Image, we catch a casual powerful electron from Large Hadron Collider when sampling our signal. This gives us a delta-function like impulse interference. It is very short. But very powerful to get a click in a record. Actually, the click is what we would expect in analog case. Filter converts this click to Sinc function. If the impulse is not exactly in phase with Sinc function, we get a very extensive response in digitized sample. But we are lucky, and, in our record, we have loud but just single sample of click. During a playback, this click turns exactly into Sinc function!
What are the properties of the sound in a form of Sinc function? First of all, it is not as instanteous, as original click. The Sinc function has long hyperbolic tails, that yield prolonged oscillating precursor, the smoothed impulse, and prolonged oscillating tail. Okay, I may rely on psychoacoustic properties of my ears, that are going to mask the aftershock, but not a precursor! This precursor certainly should distort my sense of the sound! Simple approximation say, that 99% of Sinc impulse energy would be contained in center 21 samples, which at 44100 Hz are as prolonged as 1/2100 fraction of a second, that may be audible. And 1% of energy is still left! Similar, 99.9% of energy occupy 200 samples.

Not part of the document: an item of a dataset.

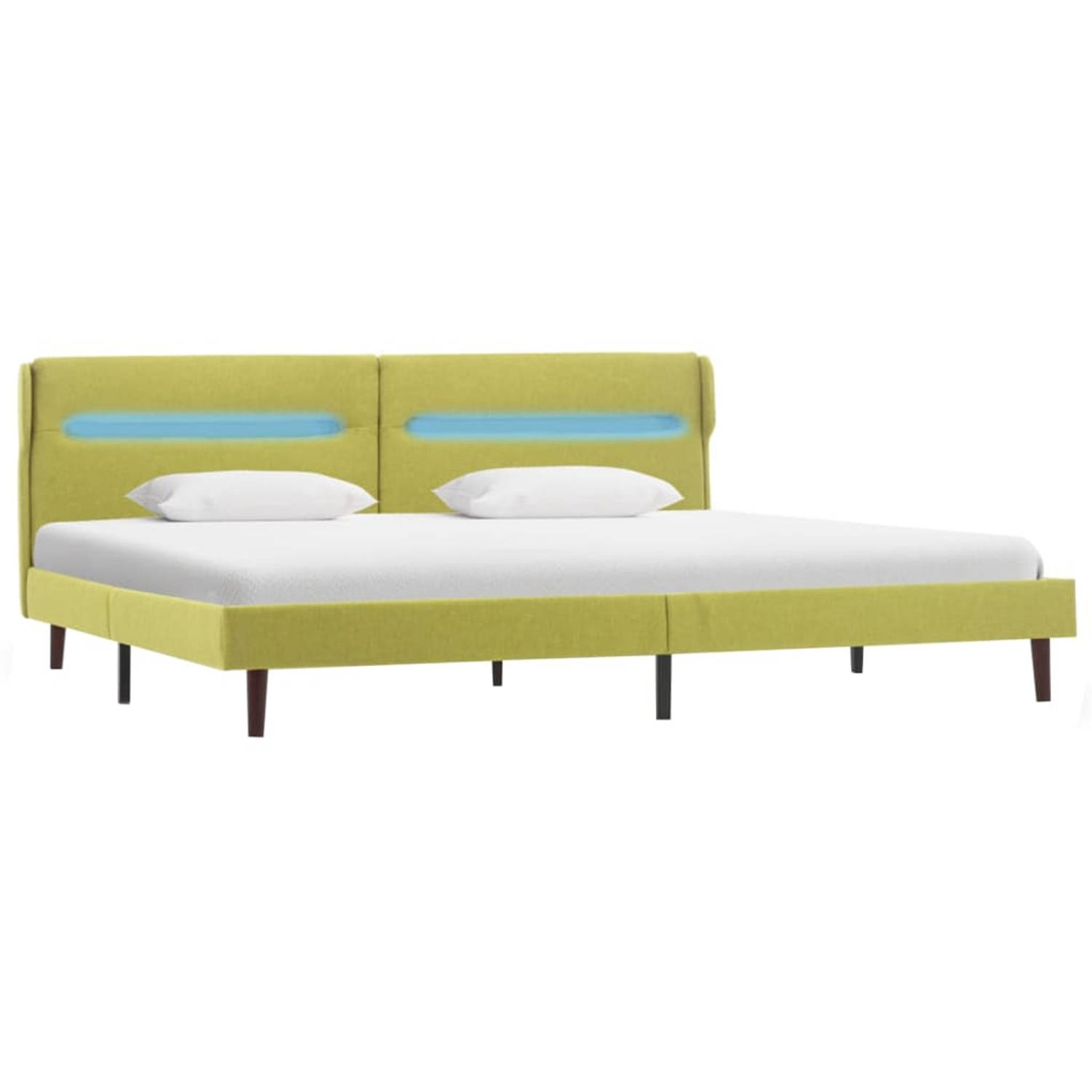 The Living Store Bedframe met LED stof groen 140x200 cm - Bed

We can still rely on the fact that Sinc oscillation frequency of 22050 Hz is not audible, so we should not hear Sinc artefacts. However, these oscillations being played back can take part in non-linear distortion of my stereo system and become audible, spoiling my listening.
Okay. Everything above are about ideal digital sound. Real sound is not.
First of all, Sinc resampling during a playback is too prolonged to be used in practice. It means, to make 99.9% precious Sinc resampling, we need to delay a sound at least 100 samples (1/441 fraction of a second). Better precision -- more delay.
Another thing, DAC itself. Most DAC's now are 1-bit (or few bits) sigma-delta noise modulators. Audiophiles say, sigma-delta sound is terrible, old school multibit DAC's sound much better. They are almost impossible to get by now. But, engineers and their measurements say, that sigma-delta DACs give almost ideal sound, with -120 dB SNR. Are they lying? Why sigma-delta sound so bad? Yes, they are sensitive to jitter and power source noises. Is it a reason? Or, producers don't tell us something else important about them? That is very, very strange. May the reason be in the way DAC's resample sound? May it be, that 64x resampling in sigma-delta DACs provide too neat Sinc function, while old schoold DAC's are too imperfect for that and have some smooth but narrow impulse responce on each sample instead? What is the truth here?
And, this is not all. Some music is composed synthetically now. But most sounds are digitized first. The fact is, most audio ADC's now are sigma-delta as well! And, even if we get rid of sigma-delta DAC, we can't get rid of sigma-delta ADC the music was recorder with! And, believing that sigma-delta have weird artefacts, we are doomed to have distorted sound!
Sigma-delta ADC's downsample sound too. Whenever they use Sinc function, the digitized series may have prolonged oscillations because of Sinc function in the same way as during the playback. If that impulse were not in phase with digitizer, we would get decaying with 1/t sequence of numbers, that would still be turned into Sinc-like oscillations during playback, even if DAC does not use Sinc function.
One more thing worth to note. All ADC's are not ideal. All DAC's are not ideal. They work in different way. Theoretically, for each ADC we could create corresponding DAC that would recover analog signal in the best way, and vice versa. But, in practice we are likely to have these non-idealnesses to sinerge, bringing even more distortion to original sound.
Now, what is the solution to these fundamental problems???